The neural network module included with Quevedo needs darknet to be available. This module automatically prepares network configuration and training files from the metadata in the dataset, and can manage the training and prediction process.

10.2.1.1 Installation

We recommend using this fork by Alexey Bochkovskiy: https://github.com/AlexeyAB/darknet. Installation can vary depending on your environment, including the CUDA and OpenCV (optional) libraries installed, but with luck, the following will work:

$ git clone https://github.com/AlexeyAB/darknet
$ cd darknet
<edit the Makefile>
$ make
List. 10.2 − How to install darknet.

In the Makefile, you probably want to enable GPU=1 and CUDNN=1, otherwise training will be too slow. Depending on the GPU available and CUDA installation, you might need to change the ARCH and NVCC variables. For Quevedo to use Darknet, it is also necessary to set LIBSO=1 so the linked library is built. Finally, if you want to use Darknet’s data augmentation, you probably want to set OPENCV=1 to make it faster.

After darknet is compiled, a binary (named darknet) and library (libdarknet.so in linux) will be built. Quevedo needs to know where these files are, so in the [darknet] section of the configuration, the path to the binary and library must be set. By default, these point to a darknet directory in the current directory. Some additional arguments to the darknet binary for training can be set in the options key.

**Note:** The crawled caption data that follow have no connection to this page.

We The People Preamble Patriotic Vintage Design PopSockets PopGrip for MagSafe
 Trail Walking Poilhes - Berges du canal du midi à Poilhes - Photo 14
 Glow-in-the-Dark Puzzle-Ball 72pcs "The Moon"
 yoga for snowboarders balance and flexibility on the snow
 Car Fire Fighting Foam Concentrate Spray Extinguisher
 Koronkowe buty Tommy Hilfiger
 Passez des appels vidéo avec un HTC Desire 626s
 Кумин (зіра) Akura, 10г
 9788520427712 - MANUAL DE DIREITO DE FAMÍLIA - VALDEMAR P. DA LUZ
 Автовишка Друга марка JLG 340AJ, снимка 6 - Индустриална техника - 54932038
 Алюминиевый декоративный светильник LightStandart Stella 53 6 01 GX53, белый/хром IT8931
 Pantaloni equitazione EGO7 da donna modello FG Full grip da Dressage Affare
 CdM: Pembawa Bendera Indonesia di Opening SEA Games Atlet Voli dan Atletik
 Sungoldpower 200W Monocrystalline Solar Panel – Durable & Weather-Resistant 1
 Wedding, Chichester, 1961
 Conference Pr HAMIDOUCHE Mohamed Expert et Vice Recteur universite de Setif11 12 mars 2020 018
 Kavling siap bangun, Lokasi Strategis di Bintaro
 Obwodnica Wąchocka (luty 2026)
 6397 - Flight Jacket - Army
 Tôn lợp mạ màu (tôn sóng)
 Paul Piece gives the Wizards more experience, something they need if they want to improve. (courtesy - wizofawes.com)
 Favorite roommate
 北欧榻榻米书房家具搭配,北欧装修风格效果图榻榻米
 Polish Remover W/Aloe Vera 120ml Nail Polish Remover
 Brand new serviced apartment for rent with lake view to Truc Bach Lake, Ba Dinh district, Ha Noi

10.2.2 Network configuration

Neural networks are ideal to deal with image data, due to their ability to find patterns and their combinations. Quevedo can help with preparing the configuration and training files to train darknet neural networks, can launch the actual training, and can compute evaluation metrics on the resulting network weights. It can also be used as a library to peruse the trained network in an application, not only for research.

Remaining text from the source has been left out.